The bottom line? There’s no such things a free lunch. If the board needs fresh funds or a refinance deal, a little extra cost might be worth it if the finance is available more cleanly and from solid providers. We don’t need exposure to the next SVB.

Words from the wise

Don’t write off ESG and DEI

The “anti-woke brigade” found a new hero last month in the shape of hedge fund billionaire Bill Ackman, whose 4000-word tweet (yes, these things are possible under Elon Musk) attacking diversity, equity and inclusion (DEI) policies hit the viral jackpot. Anecdotal evidence suggests some companies are looking again at their DEI programmes, and even on the “classic” ESG (environmental, social and governance) side there are questions: is it worth the effort?

Well, the regulators aren’t letting up – ESG is still a must for larger companies, as it has been for a while. The government is pushing ahead with plans to regulate ESG accreditation agencies, with the FCA this month announced its criteria for sustainability disclosure and investment rules (SDR). That should interest all companies, because while most of the ESG and DEI stuff lands on the largest companies, the real action is around the money.

Many investment funds need ESG status to attract investor cash; that means they need portfolio companies to “do the right thing”. Some US funds might be trending cynical, but in Europe, in particular, funds are still on board.

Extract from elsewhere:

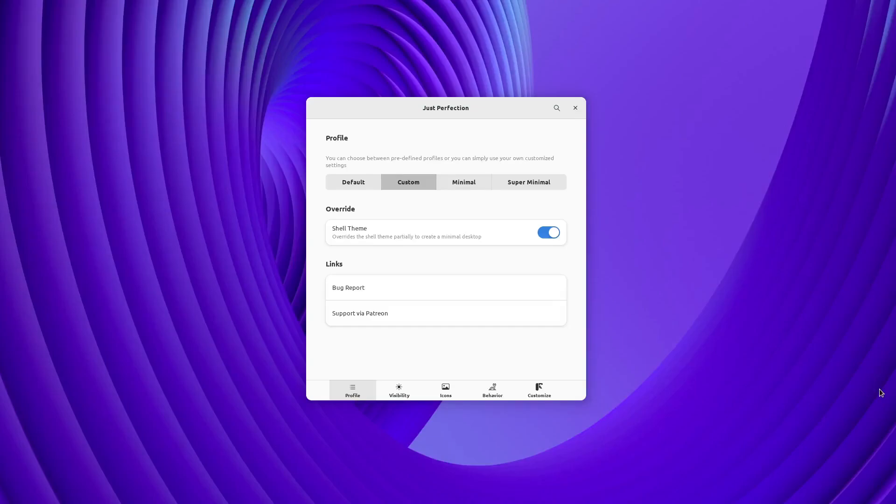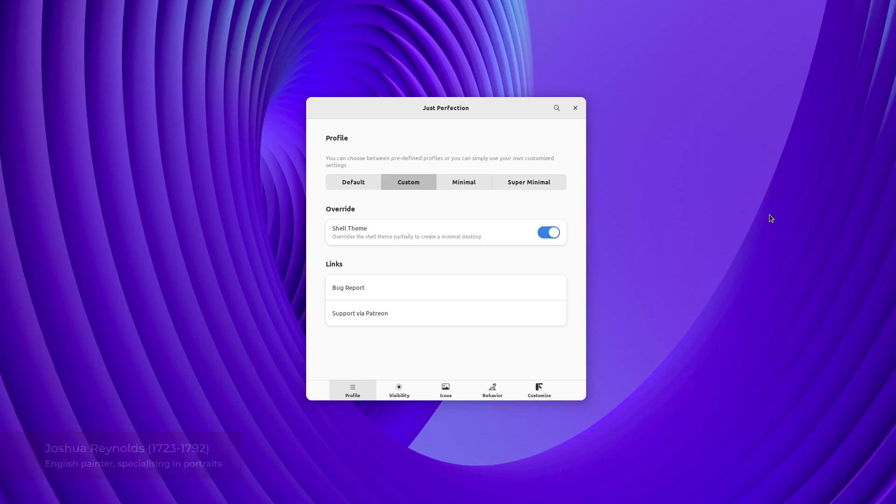This is Just Perfection extension version 21, codename Reynolds. We have 7 new features in this version.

To make your business investable, there's value in ESG.

On DEI, the moral imperative has never gone away. (Less morally: why would you want a team or a company that was biased against people from certain groups?) But our words from the wise are from superstar investor Mark Cuban, quoted in the FT: “When companies do DEI well, you see a well-run, successful company,” Cuban wrote. People trust businesses whose workforces look like them, and when minority employees are comfortable at work they’re more productive. That’s an argument every FD can stand behind.